Gold in the Shadows

shadow_large.jpg

“In the beginning, we are mostly asleep. Society conditions our consciousness. And so we remain unconscious to our true self for at least the first half of life."  - Scott Jeffrey

The shadow is a psychological term for everything we can’t see in ourselves. Everyone and everything has a shadow: the kindest person you know has a shadow, all spiritual groups have a shadow, teachers have shadows. Unawareness of our own shadows or that of organizations and other people causes us to project an unreasonable expectation of perfection for ourselves and for the groups with which we are connected. The result can be a misplaced reliance on the perceived perfection of teachers and groups as a way to avoid difficult interactions and thoughts. Sometimes called spiritual bypassing, this tendency reduces our capacity to hold the truth of opposites and simplifies the complexities of all the realities that are always present in one person or a group of people.

How to work with our own shadows? Author Robert Bly has an image of a black bag we drag behind us which contains all our shadow material, the things we don’t want to look at or acknowledge about ourselves. He says “We spend our lives until we’re twenty deciding what parts of ourselves to put into the bag, and we spend the rest of our lives trying to get them out again.”

Notice what you don’t like about other people or groups. Are those qualities alive in you? Jung said “Everything that irritates us about others can lead us to an understanding of ourselves.” In psychology we would say that you are taking back the projection onto others and owning it as your own.
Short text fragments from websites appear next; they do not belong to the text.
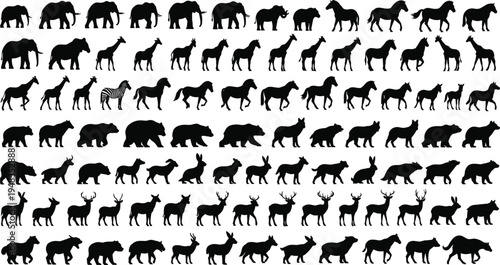 Large Black Silhouette Collection of Wild Animals Including Elephants Giraffes Bears Horses and Deer Isolated on White Background for Wildlife Nature and Safari Design Projects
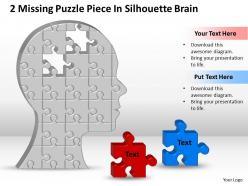 Business powerpoint templates 2 missing strategy puzzle piece silhouette brain sales ppt slides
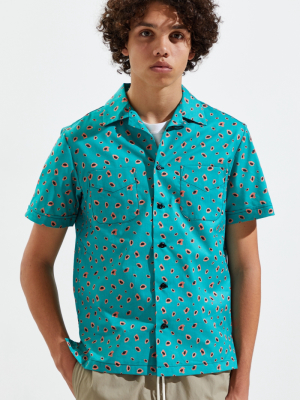 Monitaly Night Jungle Vacation Short Sleeve Button-down Shirt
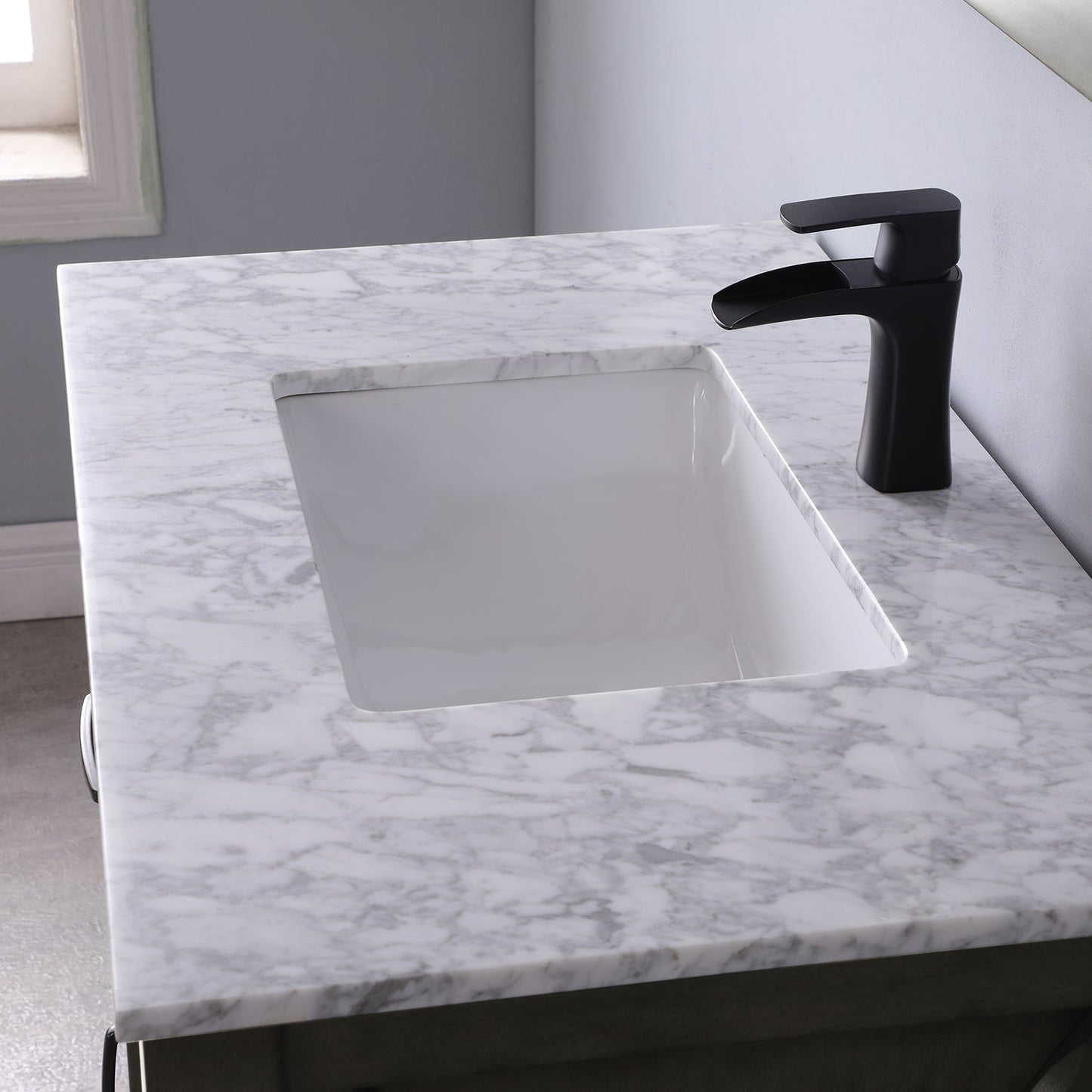 Maribella 36" Single Bathroom Vanity Set with Carrara White Marble Countertop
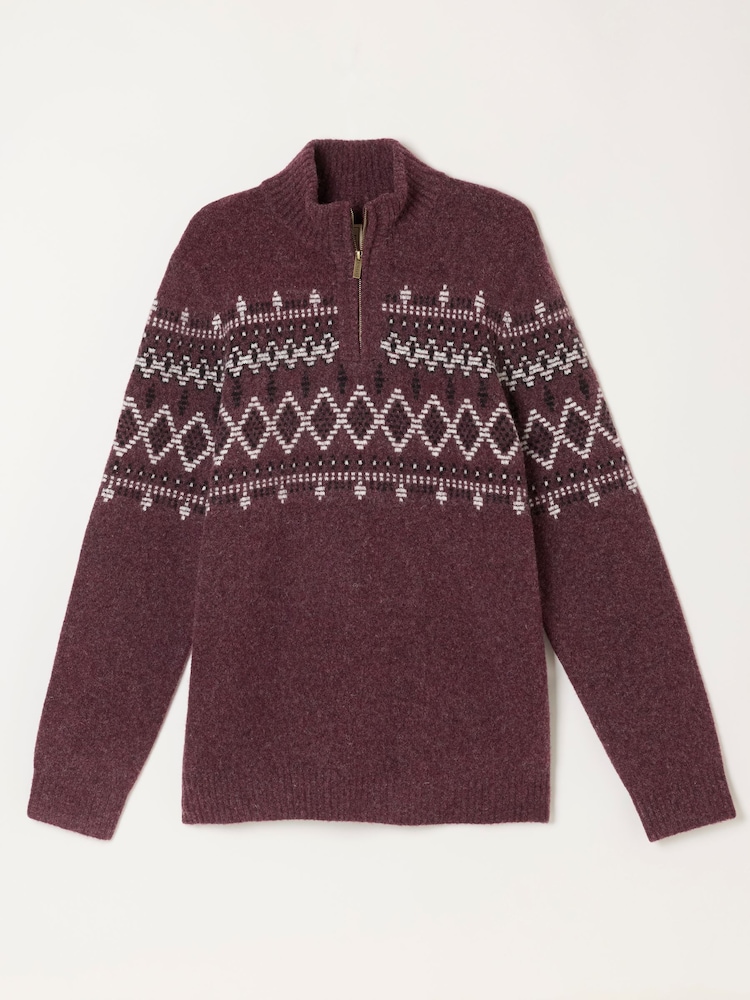 FatFace Brinley Burgundy Red Half Neck Knitted Jumper - Image 5 of 5 FatFace Brinley Burgundy Red Half Neck Knitted Jumper - Image 5 of 5
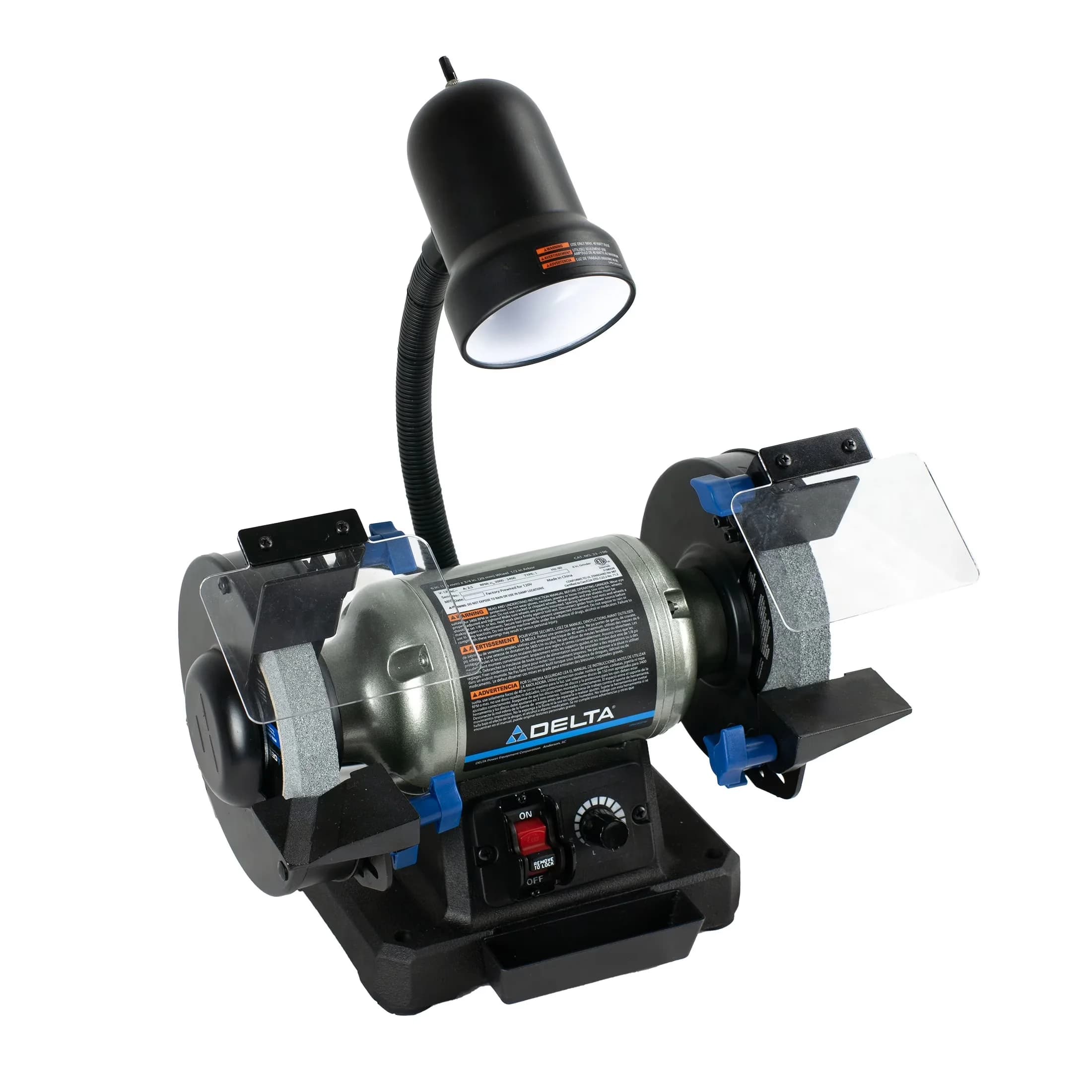 Woodworking Modern with Variable Speed, 23-196 Variable Speed 6 inch Grinder, Work Light - Silver Model 7BD645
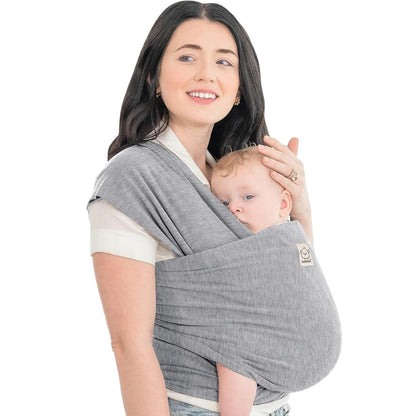 KeaBabies Baby Wrap Carrier - All in 1 Original Baby Carrier Newborn to Toddler Sling, Easy to Wear, Hands Free Bonding, Lightweight, Breathable Infant Wraps (Trendy Black)
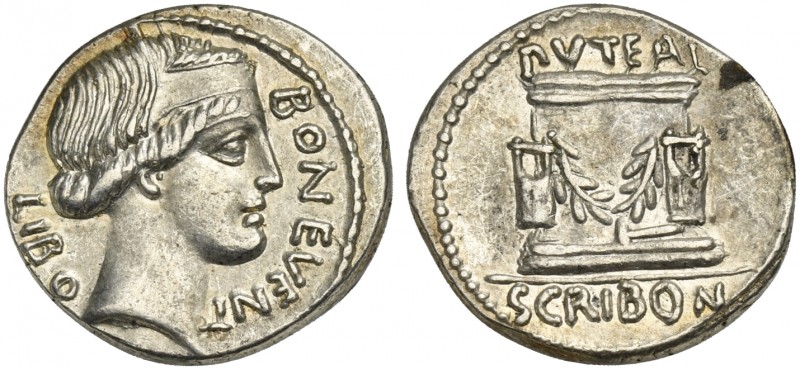 L. Scribonius Libo, Denarius, Rome, 62 BC; AR (g 3,95; mm 19; h 6); Head of Bonu...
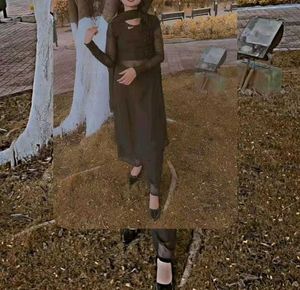 Georgette Plan Black Kurti And dupataa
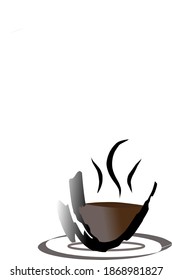 The image of vector graphic illustration from the coffee mug, looks like from the root of the wood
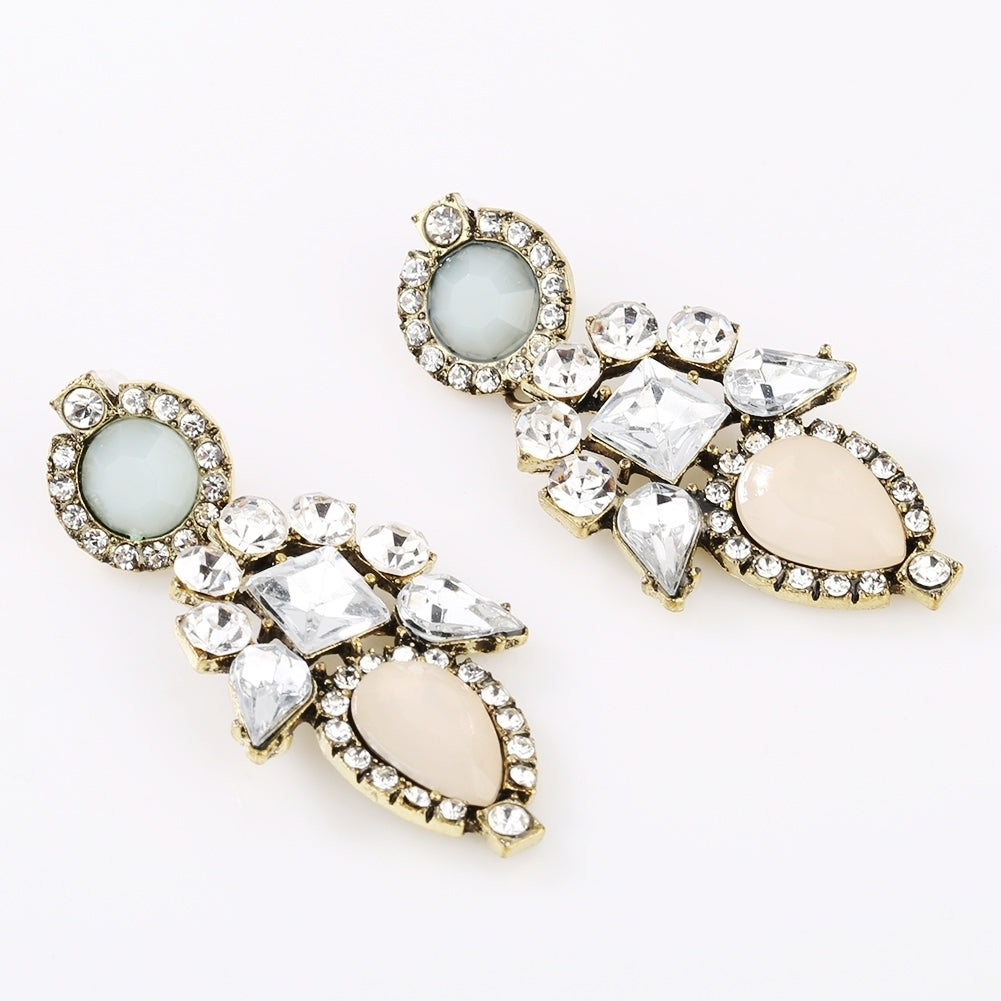 Women Fashion Lovely Charm Shiny Rhinestone Flower Dangle Ear Stud Earrings Image 2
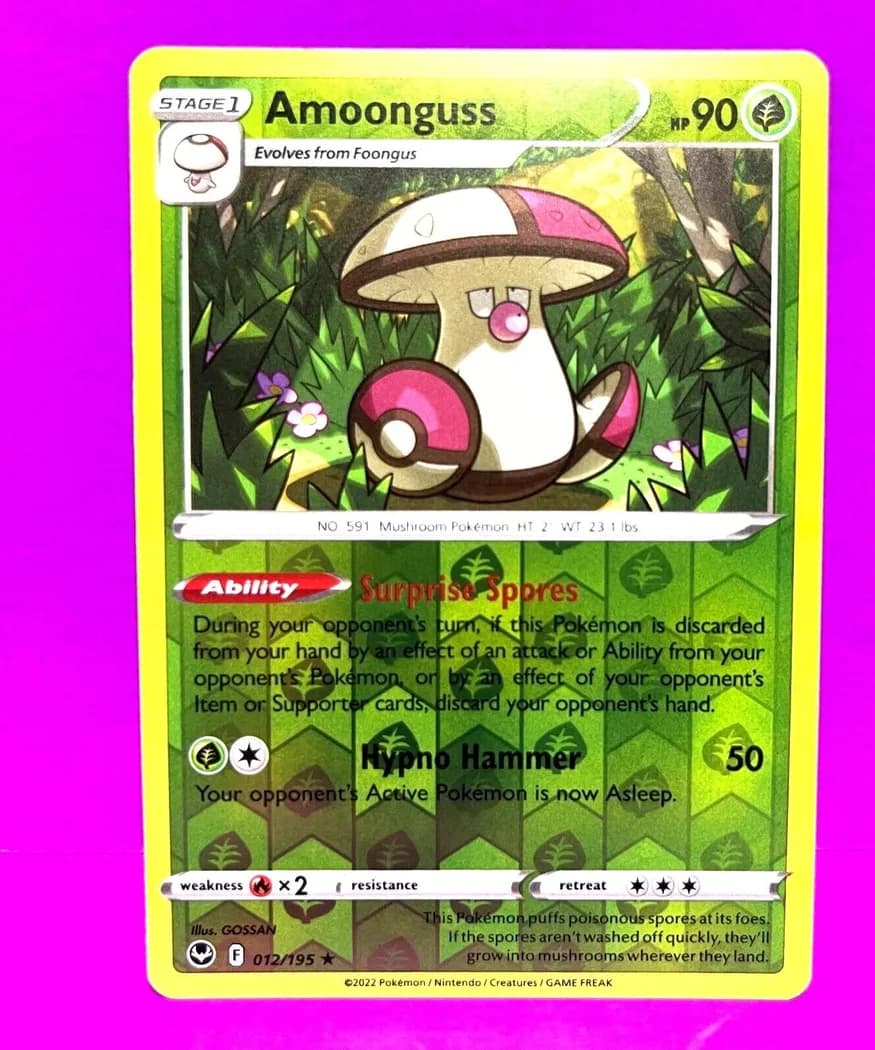 Amoonguss reverse holo card front, Silver Tempest 12/195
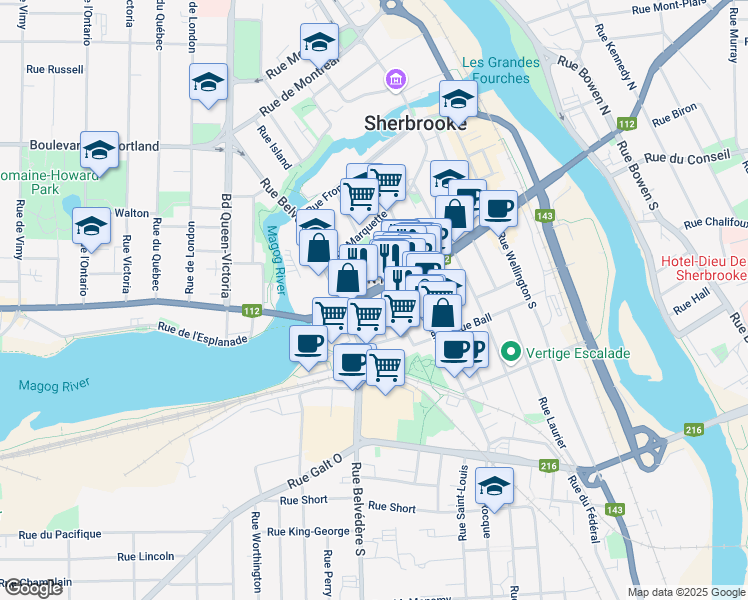 map of restaurants, bars, coffee shops, grocery stores, and more near 380 Rue King Ouest in Sherbrooke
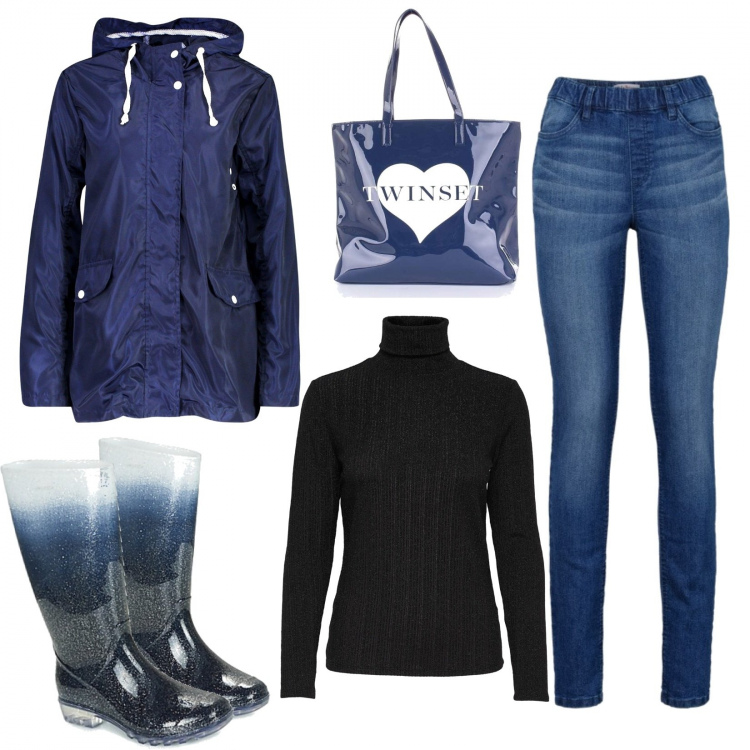 Outfit donna - Una giornata uggiosa!. Stile Basic per Serata fuori. Abbinamento con jeggings, impermeabile, borsa a mano, stivali, maglioni.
Many of us identify ourselves as being a “good person." We are praised as children for being a “good boy” or “good girl.” This intensifies the split between our conscious identity and our shadow. If you see yourself as a disciplined person, you’re repressing your lazy part. The lazy part is hiding in the shadow. So identify with this lazy part. See it. Accept it. Make friends with it. It’s okay to be lazy too.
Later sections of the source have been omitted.